*** RECORDS FOR THE TASK ***

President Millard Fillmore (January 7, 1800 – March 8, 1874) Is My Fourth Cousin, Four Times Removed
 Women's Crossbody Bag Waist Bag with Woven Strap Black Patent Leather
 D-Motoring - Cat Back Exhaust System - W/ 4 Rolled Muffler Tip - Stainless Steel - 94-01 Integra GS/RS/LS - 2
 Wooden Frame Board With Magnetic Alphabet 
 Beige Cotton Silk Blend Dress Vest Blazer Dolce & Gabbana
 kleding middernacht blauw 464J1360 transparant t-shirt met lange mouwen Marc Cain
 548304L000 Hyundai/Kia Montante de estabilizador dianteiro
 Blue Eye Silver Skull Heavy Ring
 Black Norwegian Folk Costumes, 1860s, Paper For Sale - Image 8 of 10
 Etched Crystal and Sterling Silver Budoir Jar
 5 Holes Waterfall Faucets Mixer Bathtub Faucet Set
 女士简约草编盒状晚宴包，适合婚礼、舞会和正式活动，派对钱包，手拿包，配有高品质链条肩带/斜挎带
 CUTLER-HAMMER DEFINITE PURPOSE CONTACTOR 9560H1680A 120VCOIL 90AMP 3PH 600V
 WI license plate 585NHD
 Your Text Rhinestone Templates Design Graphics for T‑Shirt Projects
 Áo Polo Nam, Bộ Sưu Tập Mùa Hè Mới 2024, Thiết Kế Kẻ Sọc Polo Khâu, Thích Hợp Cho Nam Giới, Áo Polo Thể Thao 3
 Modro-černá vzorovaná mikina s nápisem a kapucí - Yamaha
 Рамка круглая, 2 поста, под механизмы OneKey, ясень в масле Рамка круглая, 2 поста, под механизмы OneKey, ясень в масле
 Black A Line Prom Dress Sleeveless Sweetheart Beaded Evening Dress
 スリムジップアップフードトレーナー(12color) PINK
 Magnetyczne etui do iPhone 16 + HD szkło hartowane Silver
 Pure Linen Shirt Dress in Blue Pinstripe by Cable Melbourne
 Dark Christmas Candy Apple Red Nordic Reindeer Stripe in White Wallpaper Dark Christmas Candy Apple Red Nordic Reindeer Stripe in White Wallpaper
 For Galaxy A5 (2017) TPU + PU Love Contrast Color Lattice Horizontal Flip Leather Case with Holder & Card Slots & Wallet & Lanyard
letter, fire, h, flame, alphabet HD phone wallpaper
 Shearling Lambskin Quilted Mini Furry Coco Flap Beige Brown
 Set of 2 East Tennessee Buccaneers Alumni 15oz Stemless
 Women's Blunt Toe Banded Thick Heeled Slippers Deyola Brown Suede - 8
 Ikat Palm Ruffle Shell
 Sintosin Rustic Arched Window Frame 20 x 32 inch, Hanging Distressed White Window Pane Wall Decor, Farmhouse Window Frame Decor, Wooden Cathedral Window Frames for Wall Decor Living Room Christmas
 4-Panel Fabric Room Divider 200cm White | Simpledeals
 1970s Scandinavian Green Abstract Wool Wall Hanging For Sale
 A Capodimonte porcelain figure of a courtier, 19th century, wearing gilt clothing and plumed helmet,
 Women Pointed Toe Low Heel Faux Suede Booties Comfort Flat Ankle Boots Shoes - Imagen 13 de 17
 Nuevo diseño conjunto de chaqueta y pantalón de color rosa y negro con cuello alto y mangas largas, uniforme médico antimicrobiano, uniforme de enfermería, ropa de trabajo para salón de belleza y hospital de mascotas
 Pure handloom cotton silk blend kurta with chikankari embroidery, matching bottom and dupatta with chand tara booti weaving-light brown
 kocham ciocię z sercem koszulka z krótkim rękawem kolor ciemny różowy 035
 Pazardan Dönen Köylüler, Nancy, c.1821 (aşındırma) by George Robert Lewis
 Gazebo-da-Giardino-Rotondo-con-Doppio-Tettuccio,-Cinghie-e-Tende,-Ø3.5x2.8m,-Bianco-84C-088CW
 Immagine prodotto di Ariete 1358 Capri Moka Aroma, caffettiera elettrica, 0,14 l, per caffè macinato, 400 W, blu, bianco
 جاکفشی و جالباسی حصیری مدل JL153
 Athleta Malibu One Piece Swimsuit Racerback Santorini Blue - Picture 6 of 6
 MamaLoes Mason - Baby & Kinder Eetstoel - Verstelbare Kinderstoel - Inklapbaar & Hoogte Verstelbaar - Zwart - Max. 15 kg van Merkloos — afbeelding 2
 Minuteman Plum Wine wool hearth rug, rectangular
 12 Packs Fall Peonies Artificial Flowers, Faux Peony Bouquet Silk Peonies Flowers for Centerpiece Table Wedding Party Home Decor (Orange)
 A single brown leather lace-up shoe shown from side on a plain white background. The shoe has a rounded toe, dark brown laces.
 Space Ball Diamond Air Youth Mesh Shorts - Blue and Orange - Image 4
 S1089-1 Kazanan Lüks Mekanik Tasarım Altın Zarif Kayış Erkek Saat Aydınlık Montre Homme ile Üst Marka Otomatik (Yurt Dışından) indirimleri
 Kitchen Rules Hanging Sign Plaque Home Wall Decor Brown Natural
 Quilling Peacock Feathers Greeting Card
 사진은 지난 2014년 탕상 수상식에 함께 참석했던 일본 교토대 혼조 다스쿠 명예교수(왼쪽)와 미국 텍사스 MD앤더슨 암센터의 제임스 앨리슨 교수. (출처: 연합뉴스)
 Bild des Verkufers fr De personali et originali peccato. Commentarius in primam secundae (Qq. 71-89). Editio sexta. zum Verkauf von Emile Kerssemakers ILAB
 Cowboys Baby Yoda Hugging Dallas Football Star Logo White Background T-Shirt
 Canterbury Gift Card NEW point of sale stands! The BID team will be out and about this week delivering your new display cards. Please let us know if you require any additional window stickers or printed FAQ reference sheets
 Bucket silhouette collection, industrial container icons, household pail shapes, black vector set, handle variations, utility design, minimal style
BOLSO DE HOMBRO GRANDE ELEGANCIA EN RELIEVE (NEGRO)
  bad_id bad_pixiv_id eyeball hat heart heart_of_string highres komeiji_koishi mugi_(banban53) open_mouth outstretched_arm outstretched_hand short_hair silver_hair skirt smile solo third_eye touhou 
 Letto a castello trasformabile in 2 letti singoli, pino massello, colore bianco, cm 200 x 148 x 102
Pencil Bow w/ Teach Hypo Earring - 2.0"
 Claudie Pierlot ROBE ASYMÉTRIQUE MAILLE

*** End of RECORDS FOR THE TASK ***

ACTIVITY:
In the data above, which lines include "Wooden"? Return those lines.

RESPONSE BOX:
 Wooden Frame Board With Magnetic Alphabet 
 Sintosin Rustic Arched Window Frame 20 x 32 inch, Hanging Distressed White Window Pane Wall Decor, Farmhouse Window Frame Decor, Wooden Cathedral Window Frames for Wall Decor Living Room Christmas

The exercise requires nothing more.